The June 20, 2003, activation of Det 1 paid homage to the Marine Raiders. The Det’s insignia, designed by Gunnery Sgt. Anthony Siciliano, incorporated the Raiders’ famous knife, a Fairbairn Sykes stiletto, and the Raiders’ insignia as a tribute and link to the famed battalions, which existed for only two years after their 1942 inception.

So the leathernecks quietly hoped they, too, would carry on the Marine Raider legacy.

Some 8,600 men became Raiders and earned numerous combat distinctions, including seven Medals of Honor and 136 Navy Crosses, according to the Marine Raider Association.

When they went into combat in Iraq, as part of a Navy SEAL task group, Det 1 called itself Task Unit Raider.

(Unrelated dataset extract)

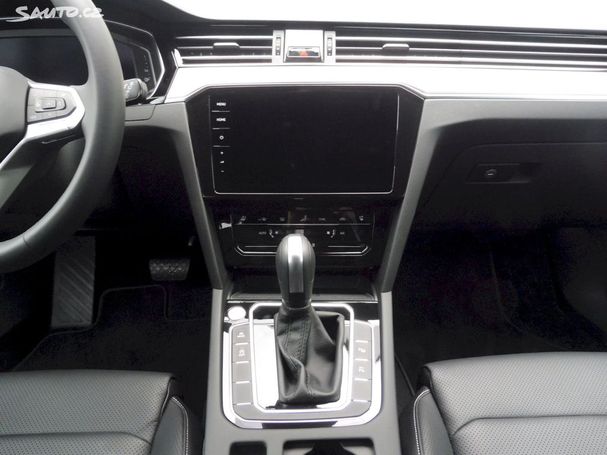 Volkswagen Passat Variant 2.0 TDI Elegance 4Motion DSG 147 kW image number 10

But that’s where the name ends. Marine Corps officials have decided that Marines and units in the new Marine Corps Special Operations Command, which was stood up in February, won’t be called Raiders.

The decision signals the end of the line for the shrinking Raider association, whose small community gets smaller as its men age. Its hope had been to draw more Marines and expand its membership, which the bestowing of “Raider” on a Corps unit would certainly do.

But that’s not to be. “We debated that, long and hard,” said Lt. Gen. Jan Huly, director of plans, policies and operations, in a recent interview.

The Marine Raiders Association “would have liked to have seen SOCom Det 1 called the Raiders,” Huly said. The prevailing opinion is that what the Raiders did for the Corps in World War II “was legendary.”

“Even though we know that the SOCom Det and the MarSOC guys are going to make as equally a great contribution to the future, they still will be different,” Huly said. “We thought that it would be hard to live up to that image, but the guys in the SOCom Det and the guys who are yet to come do deserve to make their own legend. Let the Raiders keep what was unique to them. That was ultimately what swayed the commandant’s mind.”

When officials explained that to the Raiders, he said, “they bought off on it.”

“I think their legacy is going to live on,” he added.